* Work instructions
Every line of the records that holds the word "premium" should be copied out.
Top of Entries provided
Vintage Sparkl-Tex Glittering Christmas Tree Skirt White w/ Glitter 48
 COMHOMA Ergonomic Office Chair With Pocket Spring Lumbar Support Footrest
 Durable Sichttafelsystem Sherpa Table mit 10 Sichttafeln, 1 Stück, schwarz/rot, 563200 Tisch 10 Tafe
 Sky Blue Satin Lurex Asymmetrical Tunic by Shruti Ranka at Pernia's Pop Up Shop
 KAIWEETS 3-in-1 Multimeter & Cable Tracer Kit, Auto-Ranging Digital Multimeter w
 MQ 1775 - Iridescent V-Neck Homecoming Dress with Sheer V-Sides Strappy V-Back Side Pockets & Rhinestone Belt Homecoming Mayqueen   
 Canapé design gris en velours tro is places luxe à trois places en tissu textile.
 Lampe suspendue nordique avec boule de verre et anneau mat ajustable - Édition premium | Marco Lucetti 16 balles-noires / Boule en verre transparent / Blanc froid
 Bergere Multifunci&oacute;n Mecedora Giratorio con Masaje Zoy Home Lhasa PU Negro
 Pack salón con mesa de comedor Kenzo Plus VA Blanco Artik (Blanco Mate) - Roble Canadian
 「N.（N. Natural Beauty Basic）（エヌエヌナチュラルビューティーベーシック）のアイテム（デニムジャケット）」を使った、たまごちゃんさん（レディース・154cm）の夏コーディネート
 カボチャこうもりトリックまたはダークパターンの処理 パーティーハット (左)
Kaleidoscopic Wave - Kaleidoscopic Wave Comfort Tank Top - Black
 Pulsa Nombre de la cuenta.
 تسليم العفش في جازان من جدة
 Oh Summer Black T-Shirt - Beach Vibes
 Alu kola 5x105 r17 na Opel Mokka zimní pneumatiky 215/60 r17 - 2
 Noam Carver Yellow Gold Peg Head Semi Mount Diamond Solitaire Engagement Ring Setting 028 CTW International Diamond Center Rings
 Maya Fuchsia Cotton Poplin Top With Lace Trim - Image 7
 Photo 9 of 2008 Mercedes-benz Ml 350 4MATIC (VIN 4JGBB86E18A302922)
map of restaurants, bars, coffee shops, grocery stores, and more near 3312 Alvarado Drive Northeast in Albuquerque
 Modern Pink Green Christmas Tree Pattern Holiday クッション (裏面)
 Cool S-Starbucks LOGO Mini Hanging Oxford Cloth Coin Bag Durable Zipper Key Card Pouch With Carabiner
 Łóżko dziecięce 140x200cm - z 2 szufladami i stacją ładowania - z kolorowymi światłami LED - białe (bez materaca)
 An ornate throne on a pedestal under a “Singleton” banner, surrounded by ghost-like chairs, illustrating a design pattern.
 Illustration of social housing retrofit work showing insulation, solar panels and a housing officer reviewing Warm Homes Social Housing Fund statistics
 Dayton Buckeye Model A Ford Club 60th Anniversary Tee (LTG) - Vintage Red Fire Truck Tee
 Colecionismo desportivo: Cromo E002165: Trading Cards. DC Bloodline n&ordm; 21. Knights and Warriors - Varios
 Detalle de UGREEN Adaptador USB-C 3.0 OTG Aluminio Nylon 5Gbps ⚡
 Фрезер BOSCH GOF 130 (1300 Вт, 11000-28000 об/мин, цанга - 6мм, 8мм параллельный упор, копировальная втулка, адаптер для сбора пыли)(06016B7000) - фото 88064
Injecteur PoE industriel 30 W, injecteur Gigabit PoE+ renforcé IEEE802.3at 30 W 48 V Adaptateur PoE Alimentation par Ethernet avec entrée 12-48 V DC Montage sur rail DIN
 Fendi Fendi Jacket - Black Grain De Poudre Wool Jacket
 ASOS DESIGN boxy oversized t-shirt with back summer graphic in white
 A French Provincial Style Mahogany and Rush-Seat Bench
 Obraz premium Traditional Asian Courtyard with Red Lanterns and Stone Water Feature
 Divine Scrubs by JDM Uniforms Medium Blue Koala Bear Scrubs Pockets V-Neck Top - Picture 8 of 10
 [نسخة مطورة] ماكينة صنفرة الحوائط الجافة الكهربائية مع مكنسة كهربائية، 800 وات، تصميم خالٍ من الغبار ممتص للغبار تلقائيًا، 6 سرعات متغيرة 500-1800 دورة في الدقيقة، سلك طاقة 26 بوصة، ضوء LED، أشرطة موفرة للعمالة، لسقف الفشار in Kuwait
Bottom of Entries provided
* Written response
 Lampe suspendue nordique avec boule de verre et anneau mat ajustable - Édition premium | Marco Lucetti 16 balles-noires / Boule en verre transparent / Blanc froid
 Obraz premium Traditional Asian Courtyard with Red Lanterns and Stone Water Feature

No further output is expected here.